Before we move on to the applications of Diode Laser, let us first look at its characteristics. The wavelength of this laser is a key characteristic. We will also see how it differs from other lasers. This article will give you a clear picture of the different types of Diode Lasers. You can also use this information to determine if the laser you consider is right for your needs.
The diode laser is a semiconductor light-emitting diode, and it works by exchanging energy between its electrons and holes. In this laser, the electricity moves free electrons from an n-type material to a p-type semiconductor. While some of these electrons interact with the valence electrons in the n-type material, others recombine with holes in the p-type semiconductor and emit light. The energy released is called spontaneous emission.

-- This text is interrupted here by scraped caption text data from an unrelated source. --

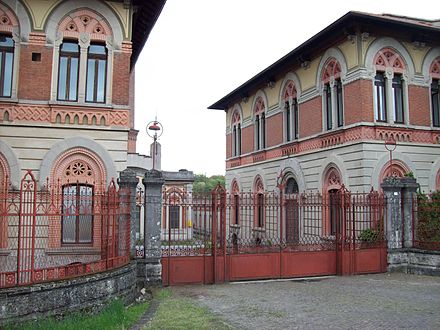 Crespi d'Adda factory entrance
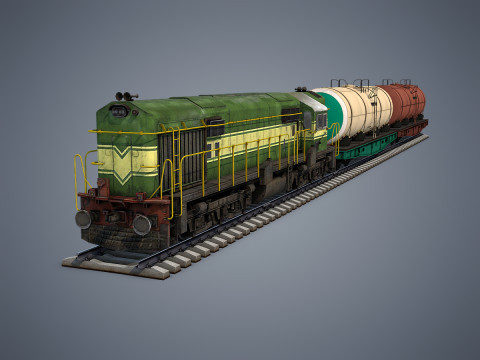 Cargo Train 3D-Modell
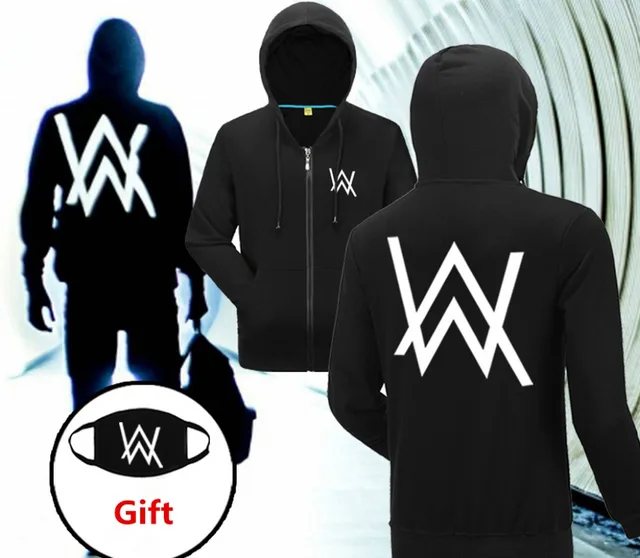 moletom do alan walker com mascara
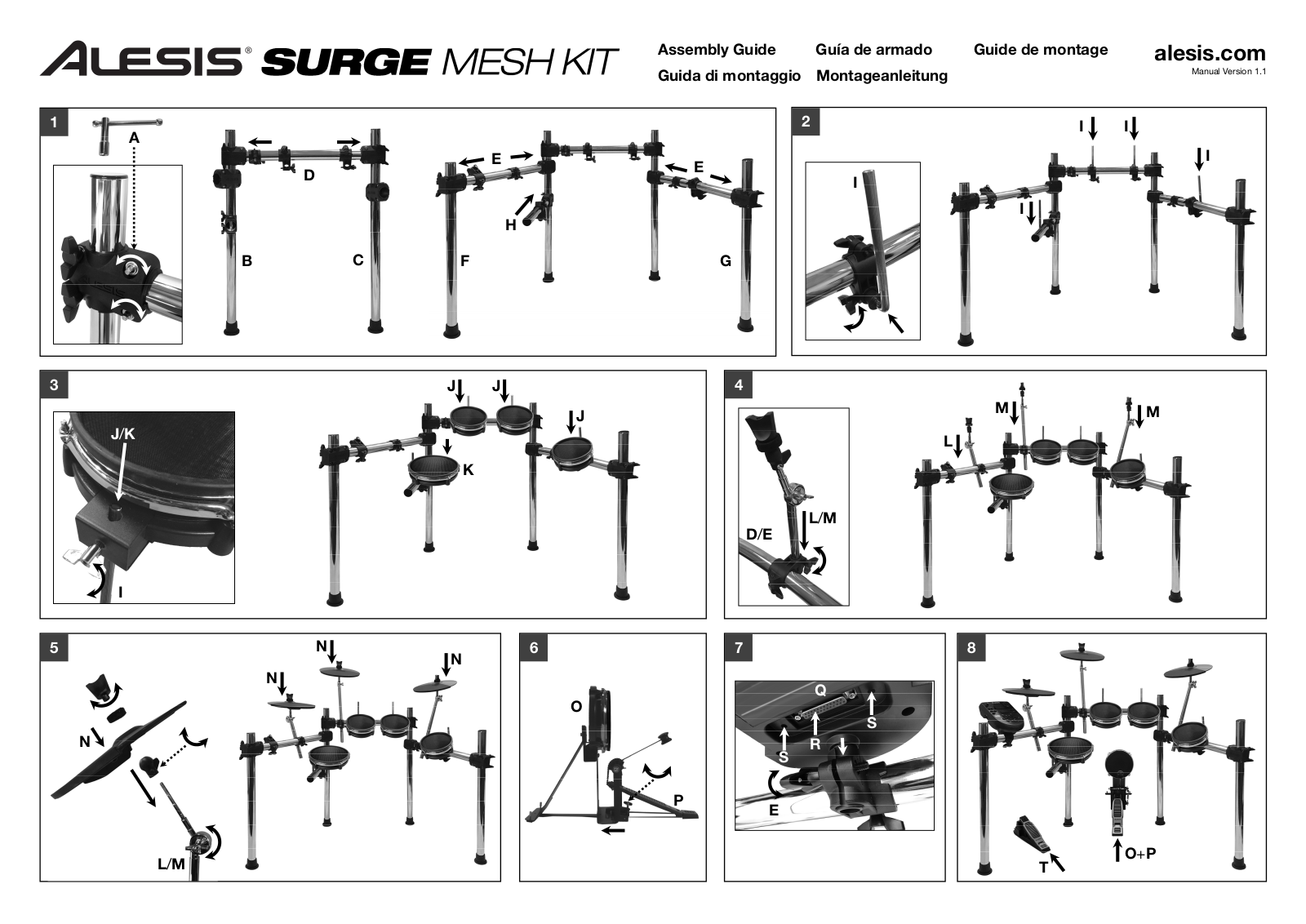 Alesis Surge Users Manual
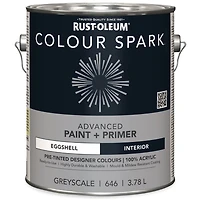 Rust-Oleum Colour Spark™ Peinture + Apprêt, Intérieur Coquille d'oeuf, Échelle De Gris 3,78L 3,78L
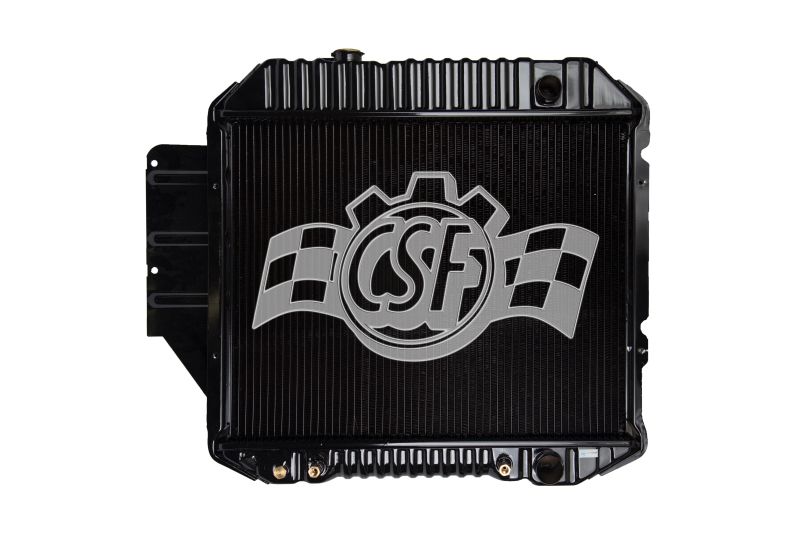 CSF 92-96 Ford E-150 Econoline 4.9L 純正互換 プラスチック製ラジエーター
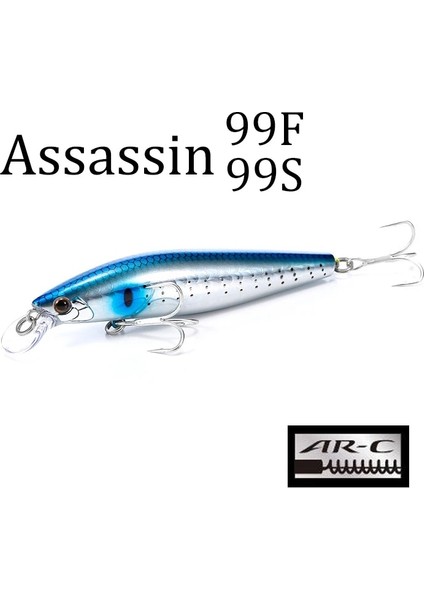B Tarzı 99MM 17G Batan Lthtug Yeni Balıkçılık Cazibesi En Li Pesca Assassin G 17G Ar-C Uzun Döküm Minnow Sert Yem Levrek Turna Somonu (Yurt Dışından) indirimleri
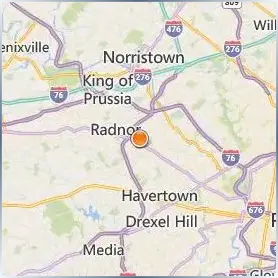 Villanova University Location Map Villanova University Location Map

A diode laser is an excellent choice for hair removal, as it uses a single wavelength of light to heat up the melanin in the follicle. The heat from this light destroys the hair follicle root, thereby reducing the follicle’s ability to grow. In addition, many quality laser hair removal machines incorporate refrigeration contact cooling. This cooling system protects the skin’s surface during the treatment and allows for a more comfortable treatment. Since diode lasers deliver low fluence pulses, this type of laser is suitable for people with all skin types.

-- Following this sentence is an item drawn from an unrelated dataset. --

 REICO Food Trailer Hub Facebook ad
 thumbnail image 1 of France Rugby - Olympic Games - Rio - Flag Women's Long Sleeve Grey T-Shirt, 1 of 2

The diode laser is a semiconductor, meaning that the crystal’s atoms share their electrons with four neighbors. The semiconductor has a band-gap structure, and the gain zone is an enclosed area. The optical cavity limits the amount of light that can be focused on a single facet, and the narrow waveguide reduces the total volume of the laser cavity. The ridge-cutting process increases the crystal’s pore size, which decreases the front facet’s power density.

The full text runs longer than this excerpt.